Thank goodness they live in a 2 bedroom - 2 bathroom apartment.

The next morning, I was awakened to hear Alan returning from a "potty parts" run.  He decided that all the potty needed was one of those plastic things that acts as a stopper so that the tank can refill after flushing.  Yawning, I rolled out of bed and dug out of my suitcase the clean towel and washcloth that I brought from home.  (This wasn't my first Boy Apartment Rodeo.)  "I need some scissors or a knife," Alan said heading towards the kitchen.  I shuffled on into the bathroom to turn on the shower.  I struggled to pull out the knob to get the water flowing.  The shower head whined as it wildly sprayed boiling hot water harem scarem into the tub.  Try as I might, I could only get the water temperature to be boiling or freezing.  I couldn't find even the slightest happy medium in between. 

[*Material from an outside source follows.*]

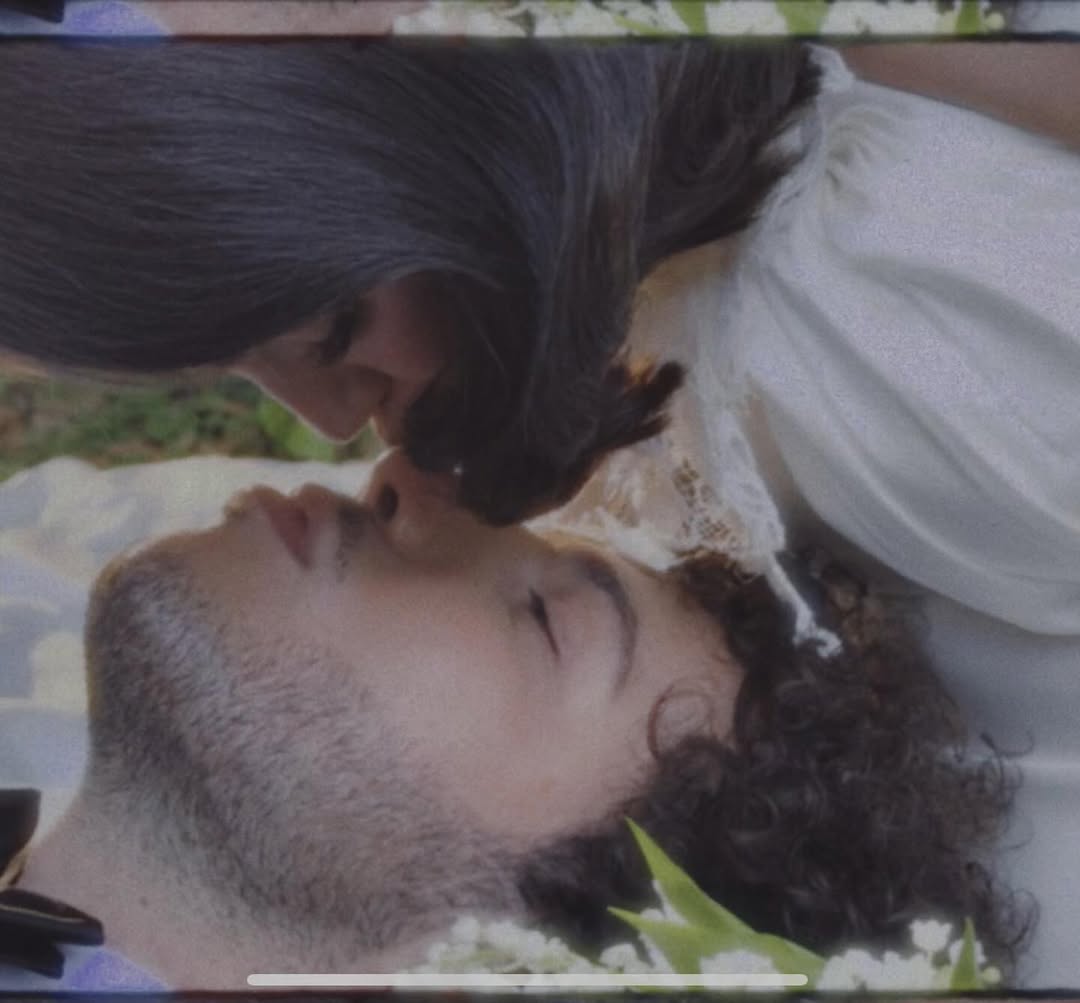 selena gomez ve benny blanco evlendi dugunu goz kamastirdi 2 tpLeQPvQ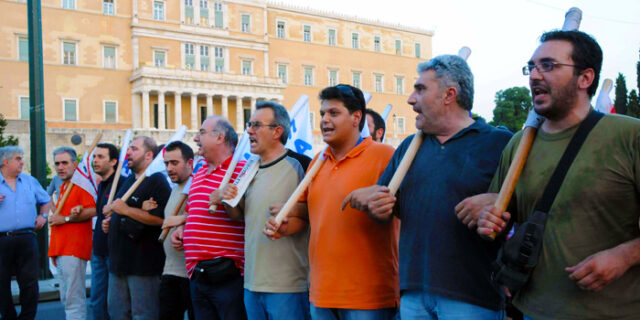 Αντιδρά η ΟΛΜΕ στο ενδεχόμενο αύξησης του ωραρίου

Squeezing into the 3 by 4 foot space between the tub, potty and door, Alan gallantly came to my rescue.  Carefully turning the knob back and forth, he found the "sweet spot" of water temperature.  The only problem was that at that exact sweet spot, the water slowed down to a generous trickle.

"That's not going to work for me.  I've got to wash my hair.  There's no way I can rinse it in a trickle!  I'm going to try Bryce's shower!"  As I gathered up all of my showering supplies, Alan completed the installation of the potty gizmo and gave it a flush.  Water began to pour from the toilet bowl "dampening" my fresh, clean towel.  I grabbed it up and hopped over the tidal wave that was headed out the door.  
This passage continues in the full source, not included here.